What you need to do >> Given the records below, the lines starting at the line with "Volkswagen Passat 1.9 TDI Trendline - 9" and ending at the line with "Maisto Chevrolet Biscayne" should be output exactly, both end lines kept and pictures left out.

Image-caption web data:
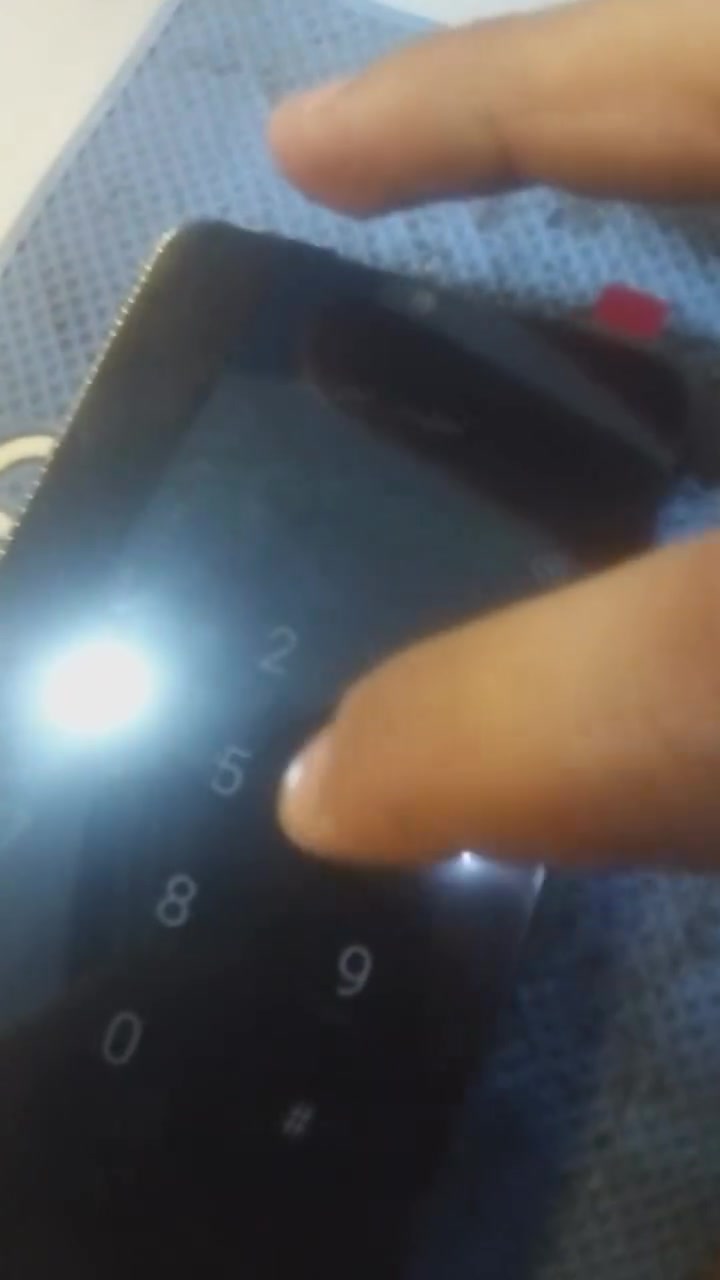 تصليح جميع شاشات بانسب أسعار تصليح جميع عطلات هواتف تواصل واتساب ***********

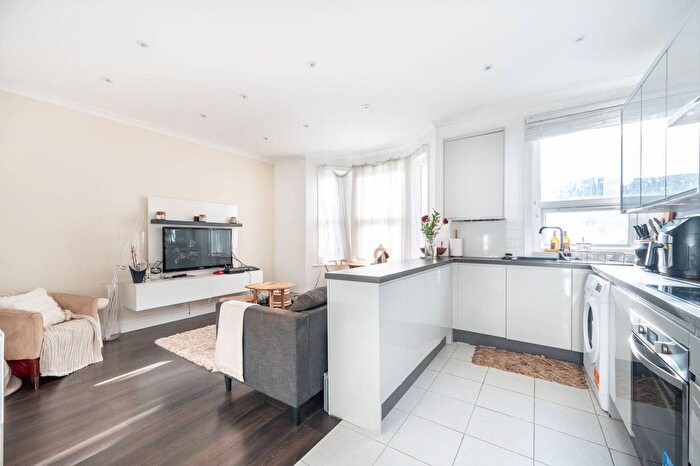 2 Bedroom Maisonette For Sale In Ashford Road, Willesden Green, London, NW2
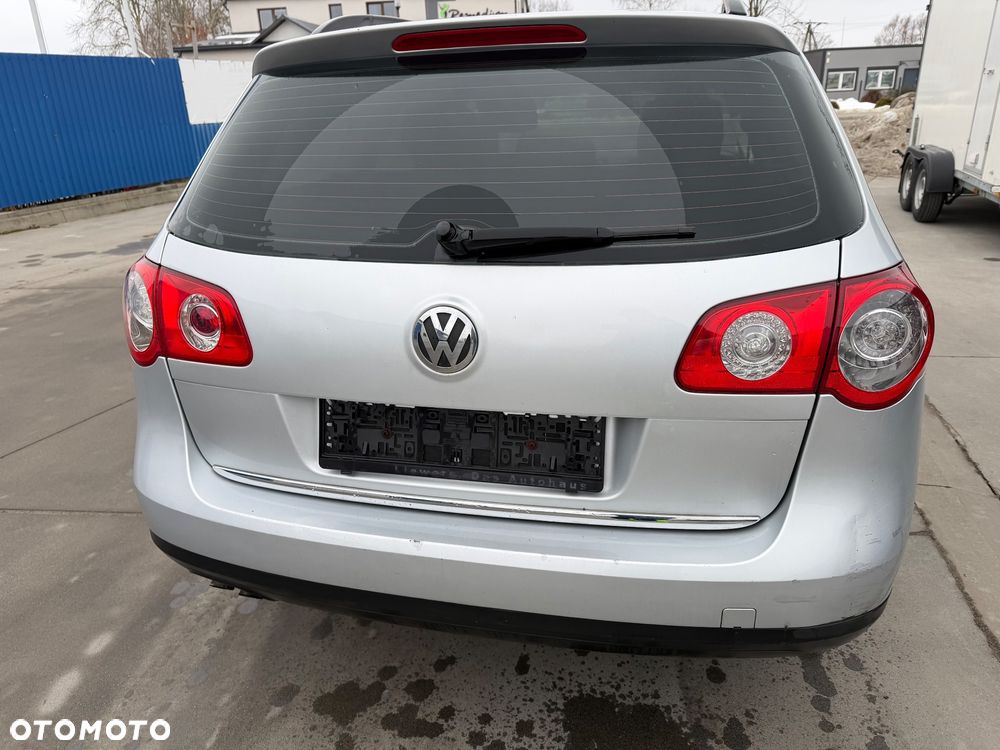 Volkswagen Passat 1.9 TDI Trendline - 9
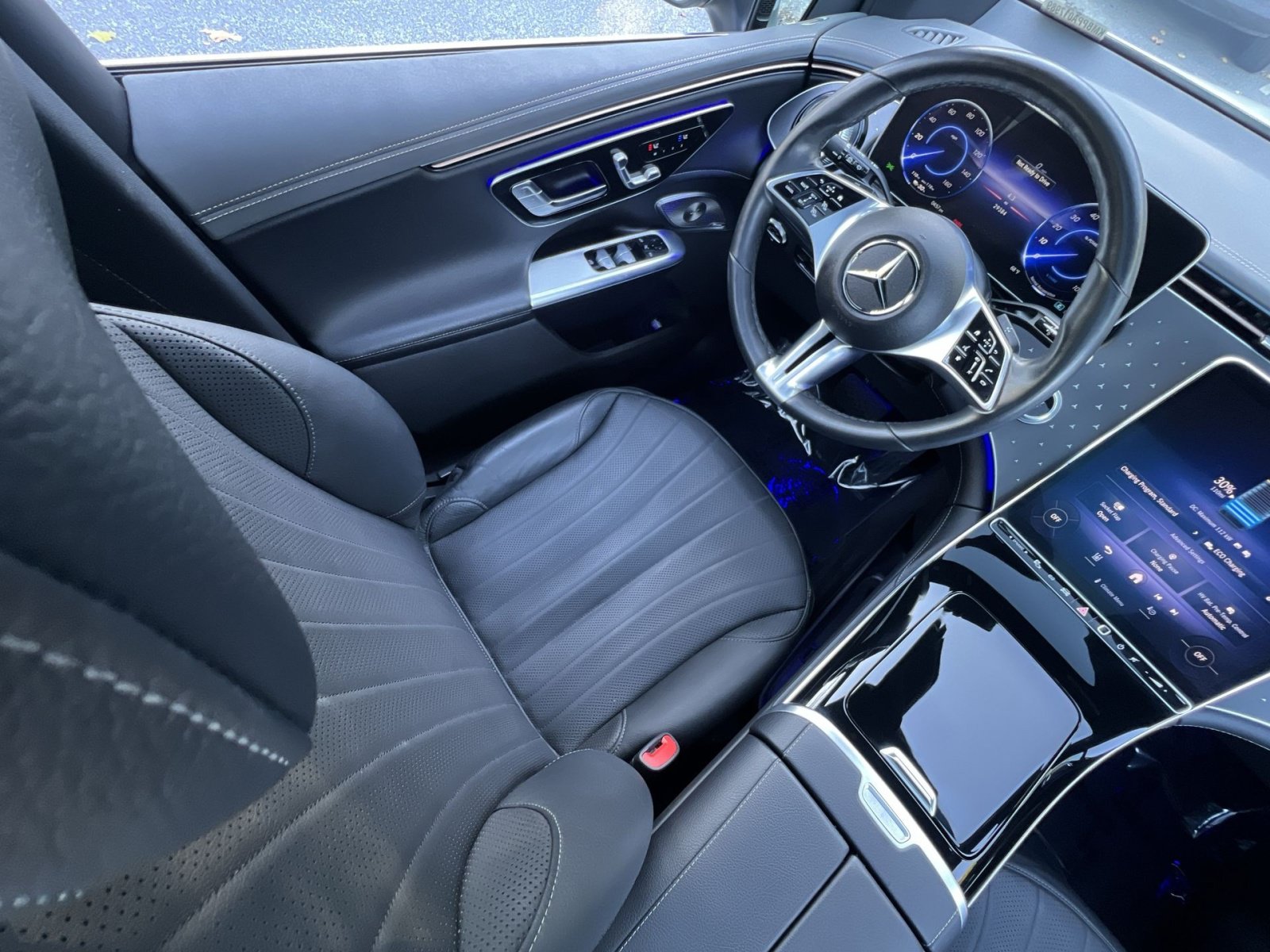 Certified 2023 Mercedes-Benz EQE 500 4MATIC SUV w/ Winter Package image 16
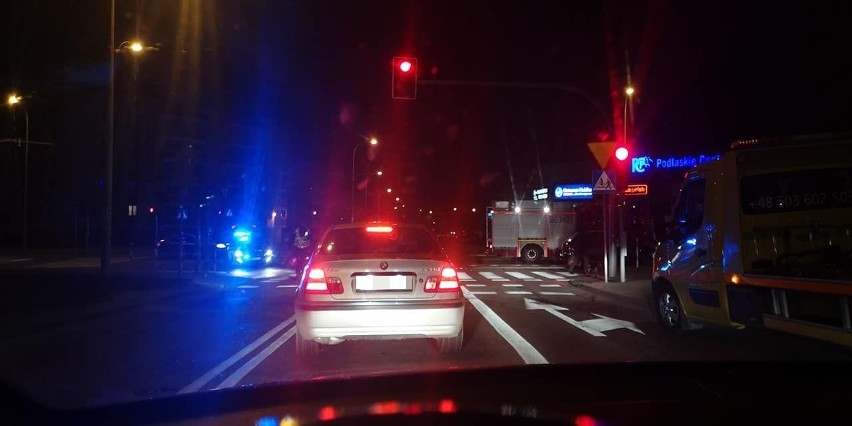 Białystok. Wypadek na skrzyżowaniu Swobodnej i Kołłątaja. Citroen zderzył się z renault. Jedna osoba ranna [ZDJĘCIA]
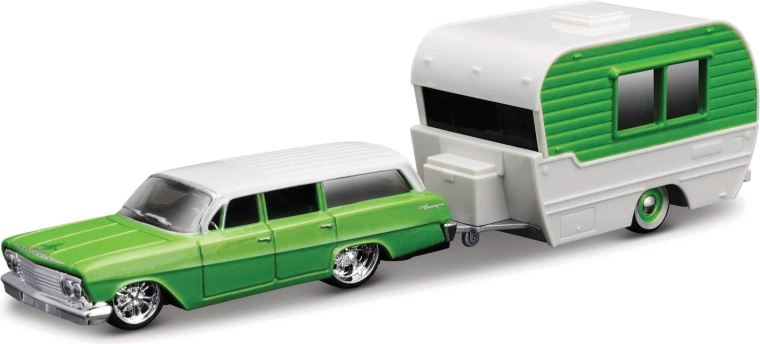 Maisto Chevrolet Biscayne kombi lakókocsival 1:64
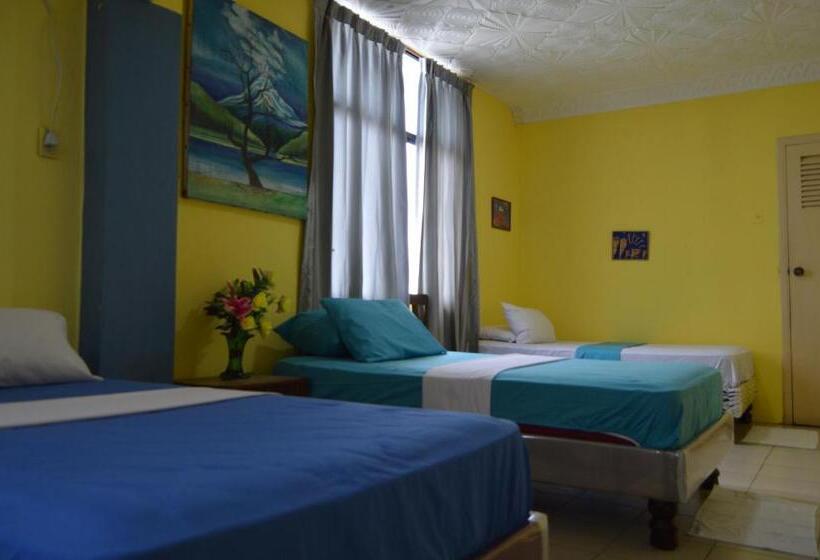 اتاق خانوادگی, Hostal El Naufrago 2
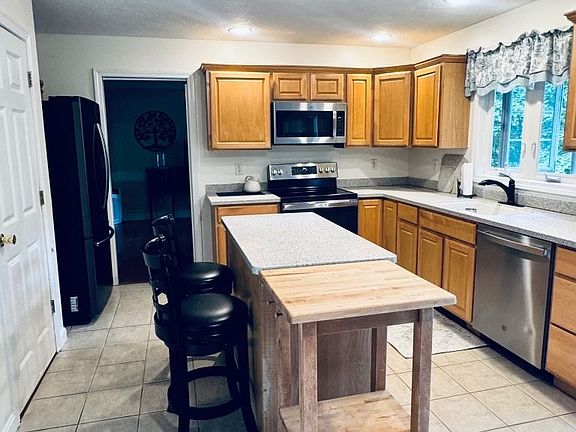 3rd image of 38 Lake St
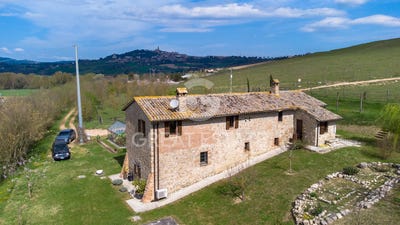 /international/it/todi-umbria-310106445138/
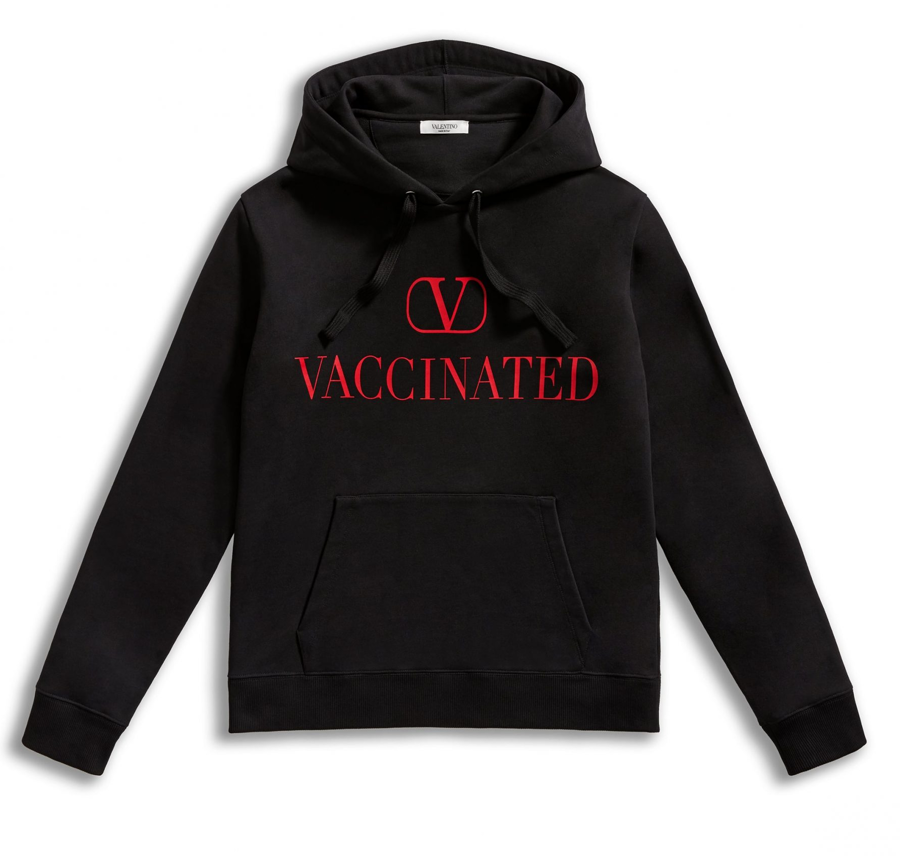 Valentino và chiếc áo “đã tiêm vaccine” - Ảnh 1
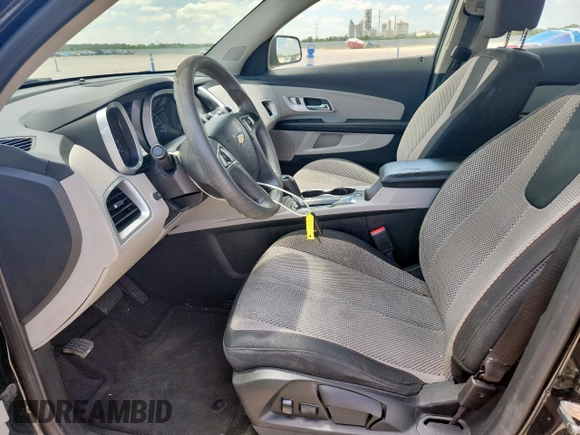 2017 Chevrolet Equinox LS z VIN 2GNALBEK0H1553515, wystawiony jako Copart lot #61237195 z przebiegiem 80 562 mil mil oraz Czysty tytuł • Clean title. Historia ofert i sprzedaży dostępna na DreamBid. Obrazek 7.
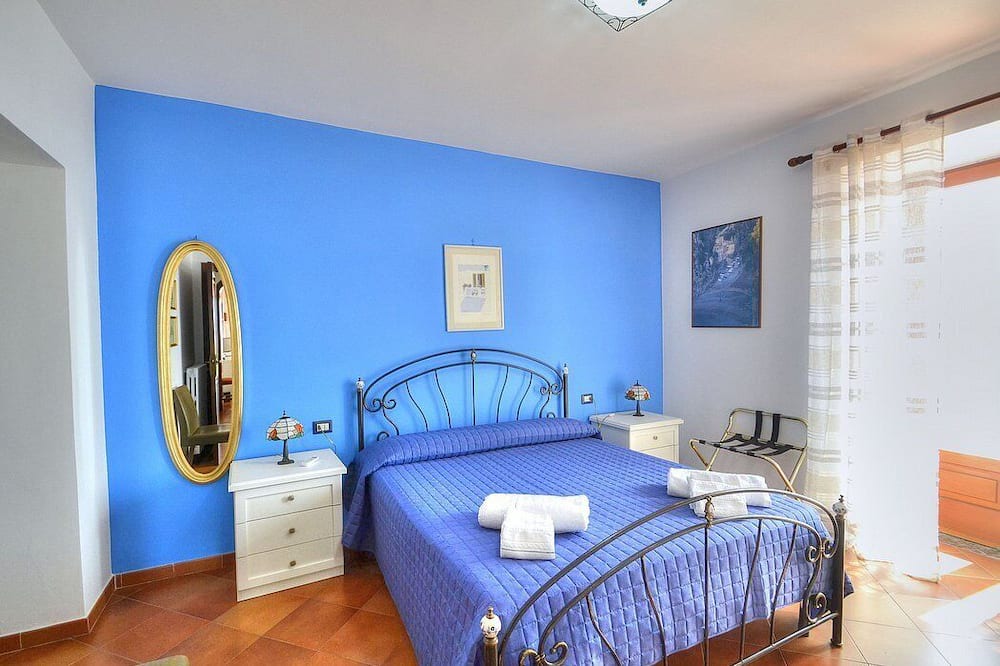Photo of Bedroom in Scala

Your response >>
 Volkswagen Passat 1.9 TDI Trendline - 9
 Certified 2023 Mercedes-Benz EQE 500 4MATIC SUV w/ Winter Package image 16
 Białystok. Wypadek na skrzyżowaniu Swobodnej i Kołłątaja. Citroen zderzył się z renault. Jedna osoba ranna [ZDJĘCIA]
 Maisto Chevrolet Biscayne kombi lakókocsival 1:64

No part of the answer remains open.